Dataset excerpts

▶

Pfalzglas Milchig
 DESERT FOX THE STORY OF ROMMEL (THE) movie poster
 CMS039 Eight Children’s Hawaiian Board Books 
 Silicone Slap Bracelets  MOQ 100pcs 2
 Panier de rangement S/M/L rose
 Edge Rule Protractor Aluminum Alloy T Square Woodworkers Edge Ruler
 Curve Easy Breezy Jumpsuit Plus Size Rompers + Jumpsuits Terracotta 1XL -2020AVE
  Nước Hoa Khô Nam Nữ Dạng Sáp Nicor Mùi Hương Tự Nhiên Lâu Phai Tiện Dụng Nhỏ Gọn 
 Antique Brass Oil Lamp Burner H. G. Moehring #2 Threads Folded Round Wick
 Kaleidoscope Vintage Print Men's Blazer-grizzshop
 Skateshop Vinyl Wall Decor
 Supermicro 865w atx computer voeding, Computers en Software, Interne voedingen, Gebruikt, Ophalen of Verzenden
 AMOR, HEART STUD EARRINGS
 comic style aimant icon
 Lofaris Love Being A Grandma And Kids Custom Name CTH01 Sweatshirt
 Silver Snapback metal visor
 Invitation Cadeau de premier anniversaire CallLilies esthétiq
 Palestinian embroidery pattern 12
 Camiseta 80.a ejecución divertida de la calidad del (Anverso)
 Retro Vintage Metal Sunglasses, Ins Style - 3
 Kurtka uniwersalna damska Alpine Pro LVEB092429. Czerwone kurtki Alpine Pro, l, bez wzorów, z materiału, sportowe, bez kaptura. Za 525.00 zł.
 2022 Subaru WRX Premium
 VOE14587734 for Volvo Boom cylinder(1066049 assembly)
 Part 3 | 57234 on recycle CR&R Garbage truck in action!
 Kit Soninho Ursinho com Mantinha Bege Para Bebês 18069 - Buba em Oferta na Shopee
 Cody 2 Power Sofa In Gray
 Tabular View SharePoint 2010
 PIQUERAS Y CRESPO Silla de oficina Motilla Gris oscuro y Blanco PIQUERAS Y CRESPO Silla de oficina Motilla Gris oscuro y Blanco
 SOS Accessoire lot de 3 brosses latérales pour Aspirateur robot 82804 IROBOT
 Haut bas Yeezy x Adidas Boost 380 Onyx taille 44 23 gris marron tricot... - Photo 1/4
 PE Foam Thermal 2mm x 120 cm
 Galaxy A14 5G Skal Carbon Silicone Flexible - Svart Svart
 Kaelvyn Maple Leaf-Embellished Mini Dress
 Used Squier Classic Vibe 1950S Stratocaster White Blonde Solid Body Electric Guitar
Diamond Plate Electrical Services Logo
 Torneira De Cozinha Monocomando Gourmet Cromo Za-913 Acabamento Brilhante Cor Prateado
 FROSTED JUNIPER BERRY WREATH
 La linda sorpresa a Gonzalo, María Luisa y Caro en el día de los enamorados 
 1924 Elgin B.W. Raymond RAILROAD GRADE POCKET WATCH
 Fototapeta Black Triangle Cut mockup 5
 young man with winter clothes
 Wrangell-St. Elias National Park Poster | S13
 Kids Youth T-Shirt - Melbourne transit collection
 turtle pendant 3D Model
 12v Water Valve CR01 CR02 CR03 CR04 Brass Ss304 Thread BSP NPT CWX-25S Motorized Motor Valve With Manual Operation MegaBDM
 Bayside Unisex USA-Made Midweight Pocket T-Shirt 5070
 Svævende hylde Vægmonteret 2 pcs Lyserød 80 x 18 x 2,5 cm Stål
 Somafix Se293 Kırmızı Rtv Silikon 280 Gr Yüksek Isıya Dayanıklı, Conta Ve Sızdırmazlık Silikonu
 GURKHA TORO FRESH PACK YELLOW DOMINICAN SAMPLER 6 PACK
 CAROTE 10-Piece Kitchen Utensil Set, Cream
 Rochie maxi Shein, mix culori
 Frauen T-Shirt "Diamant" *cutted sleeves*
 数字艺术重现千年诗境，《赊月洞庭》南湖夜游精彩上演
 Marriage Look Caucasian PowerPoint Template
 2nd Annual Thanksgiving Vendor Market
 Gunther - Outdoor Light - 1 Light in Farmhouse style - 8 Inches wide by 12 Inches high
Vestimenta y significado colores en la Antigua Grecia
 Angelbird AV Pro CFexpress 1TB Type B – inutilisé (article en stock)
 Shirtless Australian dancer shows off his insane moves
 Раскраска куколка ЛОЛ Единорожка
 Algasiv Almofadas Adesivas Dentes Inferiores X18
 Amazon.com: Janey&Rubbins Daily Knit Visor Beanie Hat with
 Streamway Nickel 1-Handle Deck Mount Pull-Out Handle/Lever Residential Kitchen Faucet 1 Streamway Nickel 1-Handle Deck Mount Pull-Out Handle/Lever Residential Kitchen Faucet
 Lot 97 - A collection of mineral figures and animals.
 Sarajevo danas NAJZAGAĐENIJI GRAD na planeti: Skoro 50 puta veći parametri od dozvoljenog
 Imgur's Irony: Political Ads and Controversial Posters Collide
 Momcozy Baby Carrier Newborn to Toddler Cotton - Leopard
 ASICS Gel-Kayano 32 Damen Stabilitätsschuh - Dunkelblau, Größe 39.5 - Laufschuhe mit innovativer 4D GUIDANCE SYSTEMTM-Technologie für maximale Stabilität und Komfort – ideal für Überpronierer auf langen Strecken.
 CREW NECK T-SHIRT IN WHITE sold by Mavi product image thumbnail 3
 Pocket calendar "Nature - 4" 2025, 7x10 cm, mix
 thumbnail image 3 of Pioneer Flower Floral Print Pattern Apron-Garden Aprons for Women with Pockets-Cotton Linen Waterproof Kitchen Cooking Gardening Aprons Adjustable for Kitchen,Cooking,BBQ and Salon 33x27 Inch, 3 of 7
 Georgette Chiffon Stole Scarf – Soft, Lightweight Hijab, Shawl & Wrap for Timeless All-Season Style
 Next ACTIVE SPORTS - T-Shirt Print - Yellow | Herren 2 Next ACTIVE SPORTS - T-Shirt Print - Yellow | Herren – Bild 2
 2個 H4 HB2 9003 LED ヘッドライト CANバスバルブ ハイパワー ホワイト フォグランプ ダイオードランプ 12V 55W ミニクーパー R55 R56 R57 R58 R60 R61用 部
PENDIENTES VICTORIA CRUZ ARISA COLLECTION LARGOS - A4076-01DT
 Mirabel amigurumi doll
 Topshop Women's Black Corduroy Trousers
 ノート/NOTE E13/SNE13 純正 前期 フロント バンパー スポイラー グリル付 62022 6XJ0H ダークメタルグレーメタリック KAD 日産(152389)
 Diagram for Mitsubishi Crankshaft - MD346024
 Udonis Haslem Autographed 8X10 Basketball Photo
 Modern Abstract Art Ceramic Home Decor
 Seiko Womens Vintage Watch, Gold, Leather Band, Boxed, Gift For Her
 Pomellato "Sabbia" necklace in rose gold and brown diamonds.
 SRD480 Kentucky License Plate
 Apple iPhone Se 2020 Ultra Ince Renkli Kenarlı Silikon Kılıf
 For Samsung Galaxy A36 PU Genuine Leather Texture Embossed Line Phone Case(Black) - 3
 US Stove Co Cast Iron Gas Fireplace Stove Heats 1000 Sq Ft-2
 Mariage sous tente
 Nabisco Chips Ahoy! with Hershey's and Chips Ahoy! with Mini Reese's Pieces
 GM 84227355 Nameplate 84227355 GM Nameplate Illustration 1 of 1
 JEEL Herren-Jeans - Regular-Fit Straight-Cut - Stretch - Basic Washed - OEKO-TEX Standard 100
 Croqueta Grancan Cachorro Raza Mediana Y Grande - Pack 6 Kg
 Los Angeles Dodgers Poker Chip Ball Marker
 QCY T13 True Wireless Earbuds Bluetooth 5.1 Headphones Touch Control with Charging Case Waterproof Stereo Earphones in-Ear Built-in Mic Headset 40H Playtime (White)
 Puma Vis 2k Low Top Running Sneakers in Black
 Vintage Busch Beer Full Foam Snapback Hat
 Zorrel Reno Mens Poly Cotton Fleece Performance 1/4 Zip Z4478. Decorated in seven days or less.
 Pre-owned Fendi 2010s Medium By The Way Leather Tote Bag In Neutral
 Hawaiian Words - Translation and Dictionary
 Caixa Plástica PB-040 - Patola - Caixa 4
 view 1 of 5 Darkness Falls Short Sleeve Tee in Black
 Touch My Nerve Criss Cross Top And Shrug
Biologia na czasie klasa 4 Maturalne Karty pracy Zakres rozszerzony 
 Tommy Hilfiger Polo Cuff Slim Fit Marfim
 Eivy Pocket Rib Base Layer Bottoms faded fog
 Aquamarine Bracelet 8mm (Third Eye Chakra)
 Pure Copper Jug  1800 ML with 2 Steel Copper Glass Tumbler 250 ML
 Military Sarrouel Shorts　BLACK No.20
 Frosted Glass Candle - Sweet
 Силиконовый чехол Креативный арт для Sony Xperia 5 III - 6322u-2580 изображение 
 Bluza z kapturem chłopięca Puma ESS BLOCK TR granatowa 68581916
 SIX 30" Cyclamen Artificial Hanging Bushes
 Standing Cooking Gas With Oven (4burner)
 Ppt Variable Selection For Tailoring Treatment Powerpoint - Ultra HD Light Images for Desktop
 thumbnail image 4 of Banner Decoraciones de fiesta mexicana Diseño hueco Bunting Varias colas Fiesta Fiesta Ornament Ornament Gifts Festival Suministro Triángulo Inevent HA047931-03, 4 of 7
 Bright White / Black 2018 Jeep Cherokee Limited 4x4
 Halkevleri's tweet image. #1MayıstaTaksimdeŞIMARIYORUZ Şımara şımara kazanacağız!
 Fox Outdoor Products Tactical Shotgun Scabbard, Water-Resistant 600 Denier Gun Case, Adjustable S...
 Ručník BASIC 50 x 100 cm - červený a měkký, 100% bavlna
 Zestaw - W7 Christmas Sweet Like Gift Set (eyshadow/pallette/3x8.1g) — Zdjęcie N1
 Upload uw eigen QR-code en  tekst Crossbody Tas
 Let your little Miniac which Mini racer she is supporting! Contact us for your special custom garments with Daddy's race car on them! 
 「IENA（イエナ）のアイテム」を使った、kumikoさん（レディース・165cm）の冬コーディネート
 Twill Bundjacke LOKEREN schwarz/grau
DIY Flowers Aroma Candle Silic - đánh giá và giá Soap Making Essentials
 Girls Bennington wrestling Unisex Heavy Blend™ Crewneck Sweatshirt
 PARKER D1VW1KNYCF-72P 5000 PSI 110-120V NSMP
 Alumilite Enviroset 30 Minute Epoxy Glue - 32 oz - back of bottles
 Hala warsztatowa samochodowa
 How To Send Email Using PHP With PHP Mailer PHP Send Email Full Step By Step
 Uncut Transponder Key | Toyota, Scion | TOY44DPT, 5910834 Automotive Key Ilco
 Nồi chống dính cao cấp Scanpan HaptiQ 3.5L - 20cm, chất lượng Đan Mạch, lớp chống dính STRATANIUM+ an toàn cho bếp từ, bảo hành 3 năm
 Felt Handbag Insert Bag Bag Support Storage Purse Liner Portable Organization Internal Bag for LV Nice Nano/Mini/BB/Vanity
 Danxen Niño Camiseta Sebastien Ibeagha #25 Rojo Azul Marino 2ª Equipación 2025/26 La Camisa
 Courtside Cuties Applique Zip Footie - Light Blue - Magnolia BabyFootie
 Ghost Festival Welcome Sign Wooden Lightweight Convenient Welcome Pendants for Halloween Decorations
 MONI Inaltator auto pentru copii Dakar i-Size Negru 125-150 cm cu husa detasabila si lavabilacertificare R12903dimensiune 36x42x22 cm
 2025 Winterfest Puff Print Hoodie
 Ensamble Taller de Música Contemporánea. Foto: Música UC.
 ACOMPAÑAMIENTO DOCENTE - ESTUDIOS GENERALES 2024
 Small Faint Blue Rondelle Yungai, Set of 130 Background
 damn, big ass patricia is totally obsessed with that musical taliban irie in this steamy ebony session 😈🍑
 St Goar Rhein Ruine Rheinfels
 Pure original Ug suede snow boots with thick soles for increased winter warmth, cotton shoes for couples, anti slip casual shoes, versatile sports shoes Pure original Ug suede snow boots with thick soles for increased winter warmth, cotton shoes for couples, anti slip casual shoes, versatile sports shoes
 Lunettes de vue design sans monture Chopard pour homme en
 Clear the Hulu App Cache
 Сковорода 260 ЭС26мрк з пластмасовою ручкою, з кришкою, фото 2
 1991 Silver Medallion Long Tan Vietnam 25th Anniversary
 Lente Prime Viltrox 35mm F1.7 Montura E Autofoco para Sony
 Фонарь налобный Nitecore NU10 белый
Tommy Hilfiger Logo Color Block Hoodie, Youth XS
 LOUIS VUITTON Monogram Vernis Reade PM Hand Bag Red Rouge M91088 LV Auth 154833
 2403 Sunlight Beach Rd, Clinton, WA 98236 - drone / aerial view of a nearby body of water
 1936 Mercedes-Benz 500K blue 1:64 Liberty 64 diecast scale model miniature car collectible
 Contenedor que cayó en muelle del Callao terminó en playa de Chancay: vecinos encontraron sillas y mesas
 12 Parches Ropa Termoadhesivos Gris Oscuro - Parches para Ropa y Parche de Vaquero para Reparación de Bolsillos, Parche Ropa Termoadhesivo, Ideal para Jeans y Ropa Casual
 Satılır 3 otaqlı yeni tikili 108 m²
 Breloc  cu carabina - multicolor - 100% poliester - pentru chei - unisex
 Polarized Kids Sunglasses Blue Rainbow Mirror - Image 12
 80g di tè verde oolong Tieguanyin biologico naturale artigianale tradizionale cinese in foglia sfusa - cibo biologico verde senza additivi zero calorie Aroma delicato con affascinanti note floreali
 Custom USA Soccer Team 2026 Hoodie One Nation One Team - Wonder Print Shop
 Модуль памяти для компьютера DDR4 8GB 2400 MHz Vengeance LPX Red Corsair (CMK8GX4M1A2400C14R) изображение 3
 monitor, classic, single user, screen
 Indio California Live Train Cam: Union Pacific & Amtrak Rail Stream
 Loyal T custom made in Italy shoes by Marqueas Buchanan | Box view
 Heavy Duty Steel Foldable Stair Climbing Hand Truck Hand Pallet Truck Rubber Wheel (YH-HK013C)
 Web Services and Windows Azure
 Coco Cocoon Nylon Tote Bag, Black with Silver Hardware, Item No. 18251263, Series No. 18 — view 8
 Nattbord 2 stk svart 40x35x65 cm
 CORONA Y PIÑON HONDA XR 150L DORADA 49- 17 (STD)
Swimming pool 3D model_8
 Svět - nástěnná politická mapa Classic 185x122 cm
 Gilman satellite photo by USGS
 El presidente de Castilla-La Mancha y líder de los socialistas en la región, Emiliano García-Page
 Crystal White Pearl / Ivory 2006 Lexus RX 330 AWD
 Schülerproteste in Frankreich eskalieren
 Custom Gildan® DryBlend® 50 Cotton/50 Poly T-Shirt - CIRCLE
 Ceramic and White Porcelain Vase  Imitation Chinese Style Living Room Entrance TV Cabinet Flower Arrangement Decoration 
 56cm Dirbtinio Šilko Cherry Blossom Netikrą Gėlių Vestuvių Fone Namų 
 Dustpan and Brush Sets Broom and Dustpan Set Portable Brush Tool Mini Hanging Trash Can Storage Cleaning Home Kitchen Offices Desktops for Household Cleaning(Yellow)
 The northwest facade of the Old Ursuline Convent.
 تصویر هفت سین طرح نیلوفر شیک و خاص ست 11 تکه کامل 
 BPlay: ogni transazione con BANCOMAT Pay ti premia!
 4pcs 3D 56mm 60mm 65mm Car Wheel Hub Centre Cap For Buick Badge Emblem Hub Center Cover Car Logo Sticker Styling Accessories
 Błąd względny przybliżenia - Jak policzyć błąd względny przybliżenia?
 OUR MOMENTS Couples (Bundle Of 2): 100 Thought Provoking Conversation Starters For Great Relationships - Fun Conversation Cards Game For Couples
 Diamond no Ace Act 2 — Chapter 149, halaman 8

◀

#### [Task requirements]
Using the data above, extract exactly the lines from the one that holds "Somafix Se293 Kırmızı" to the one that holds "Marriage Look Caucasian PowerPoint Template", both ends included, and no others.

#### [Result below]
 Somafix Se293 Kırmızı Rtv Silikon 280 Gr Yüksek Isıya Dayanıklı, Conta Ve Sızdırmazlık Silikonu
 GURKHA TORO FRESH PACK YELLOW DOMINICAN SAMPLER 6 PACK
 CAROTE 10-Piece Kitchen Utensil Set, Cream
 Rochie maxi Shein, mix culori
 Frauen T-Shirt "Diamant" *cutted sleeves*
 数字艺术重现千年诗境，《赊月洞庭》南湖夜游精彩上演
 Marriage Look Caucasian PowerPoint Template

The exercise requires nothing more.